Task instructions ->
Below are entries; output exactly the lines from the one with "Cartoon Clipart Of" to the one with "Cement old wall", both included, and nothing else.

Source data ->
══════════
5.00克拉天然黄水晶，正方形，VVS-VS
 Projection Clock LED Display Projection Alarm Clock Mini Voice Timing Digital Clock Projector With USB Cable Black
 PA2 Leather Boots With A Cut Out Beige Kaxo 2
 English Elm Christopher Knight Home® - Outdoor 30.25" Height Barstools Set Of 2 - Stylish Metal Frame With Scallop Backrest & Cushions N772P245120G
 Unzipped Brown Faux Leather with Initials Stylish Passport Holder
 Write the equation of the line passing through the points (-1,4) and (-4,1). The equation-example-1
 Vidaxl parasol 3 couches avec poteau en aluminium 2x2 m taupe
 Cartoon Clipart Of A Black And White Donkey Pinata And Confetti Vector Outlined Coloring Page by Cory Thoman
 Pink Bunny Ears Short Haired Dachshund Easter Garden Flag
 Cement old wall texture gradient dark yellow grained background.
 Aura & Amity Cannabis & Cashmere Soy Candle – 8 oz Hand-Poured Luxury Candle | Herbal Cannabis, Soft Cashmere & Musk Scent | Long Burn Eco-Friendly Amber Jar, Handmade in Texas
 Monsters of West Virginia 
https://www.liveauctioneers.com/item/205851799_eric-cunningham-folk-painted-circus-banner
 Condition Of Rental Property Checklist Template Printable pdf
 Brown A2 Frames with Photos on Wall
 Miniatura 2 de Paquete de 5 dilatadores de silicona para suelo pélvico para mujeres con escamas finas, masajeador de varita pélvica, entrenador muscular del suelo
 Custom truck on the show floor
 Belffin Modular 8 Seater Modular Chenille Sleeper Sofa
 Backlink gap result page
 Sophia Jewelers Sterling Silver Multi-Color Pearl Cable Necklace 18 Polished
══════════
Reply to the task ->
 Cartoon Clipart Of A Black And White Donkey Pinata And Confetti Vector Outlined Coloring Page by Cory Thoman
 Pink Bunny Ears Short Haired Dachshund Easter Garden Flag
 Cement old wall texture gradient dark yellow grained background.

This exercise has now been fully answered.